## YOUR GOAL
Please repeat the entries exactly as they appear and omit any images.

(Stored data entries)

Content starts

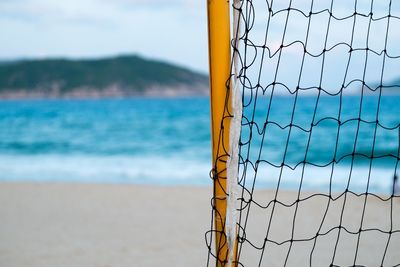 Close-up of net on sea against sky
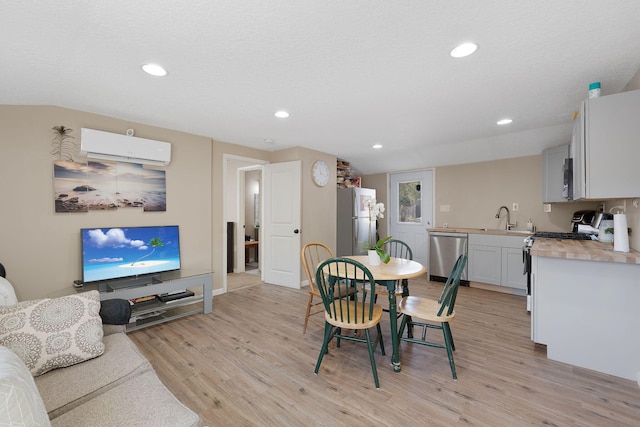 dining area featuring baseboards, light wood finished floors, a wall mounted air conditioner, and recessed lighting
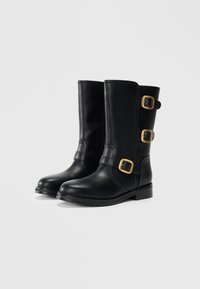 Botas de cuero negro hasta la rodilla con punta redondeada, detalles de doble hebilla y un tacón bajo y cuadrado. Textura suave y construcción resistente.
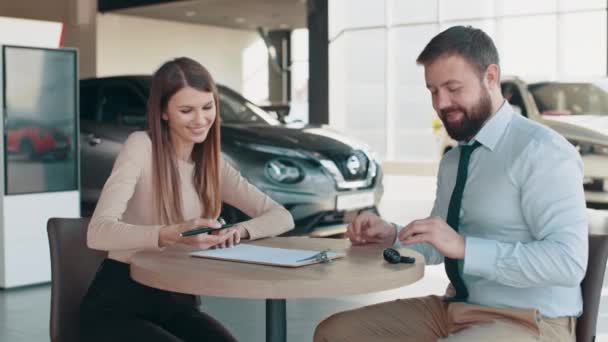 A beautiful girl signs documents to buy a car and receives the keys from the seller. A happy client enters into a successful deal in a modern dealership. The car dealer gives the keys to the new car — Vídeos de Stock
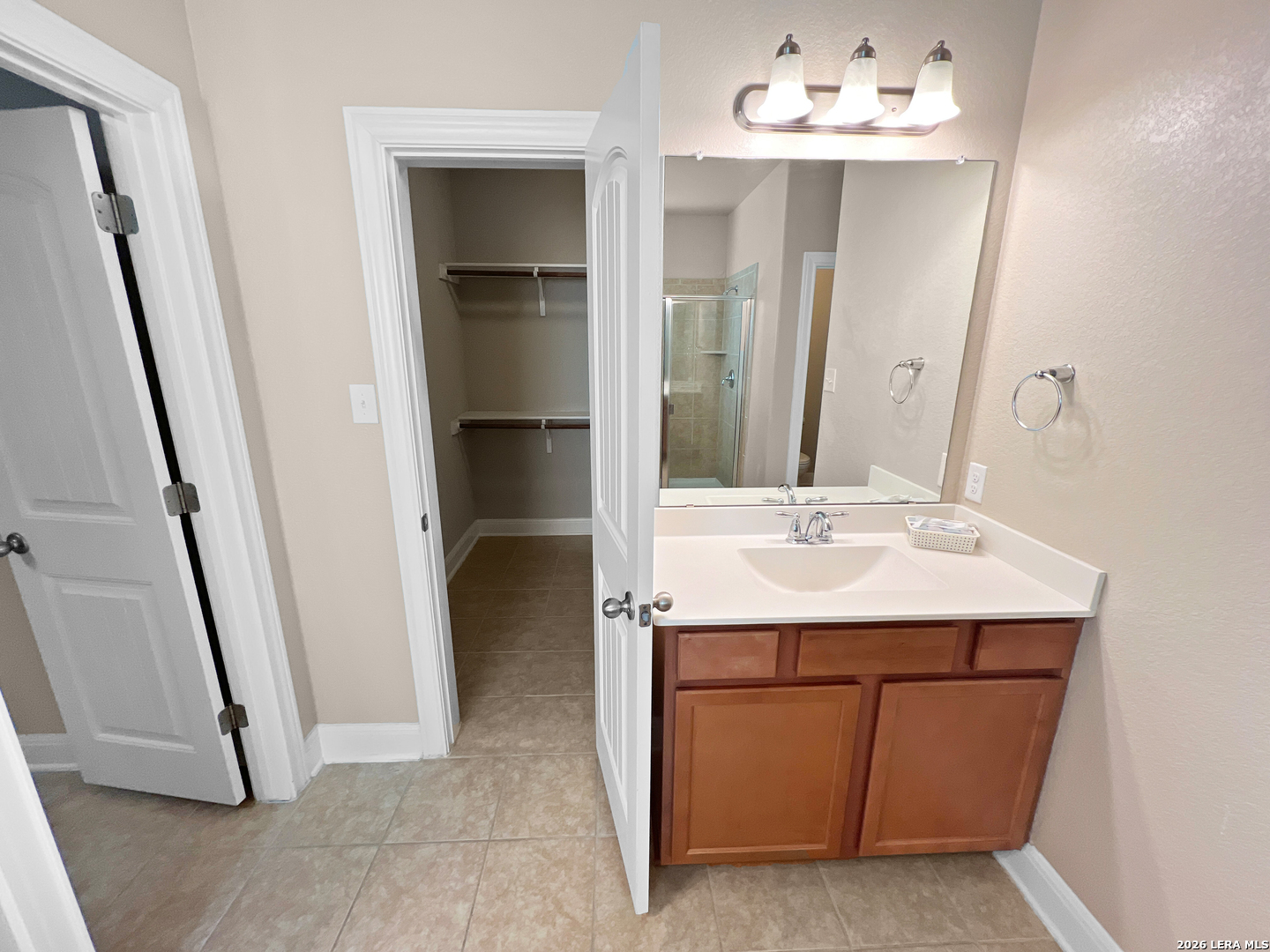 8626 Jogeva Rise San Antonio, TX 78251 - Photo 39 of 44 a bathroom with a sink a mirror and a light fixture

Content ends

## OUTPUT BELOW
 Close-up of net on sea against sky
 dining area featuring baseboards, light wood finished floors, a wall mounted air conditioner, and recessed lighting
 Botas de cuero negro hasta la rodilla con punta redondeada, detalles de doble hebilla y un tacón bajo y cuadrado. Textura suave y construcción resistente.
 A beautiful girl signs documents to buy a car and receives the keys from the seller. A happy client enters into a successful deal in a modern dealership. The car dealer gives the keys to the new car — Vídeos de Stock
 8626 Jogeva Rise San Antonio, TX 78251 - Photo 39 of 44 a bathroom with a sink a mirror and a light fixture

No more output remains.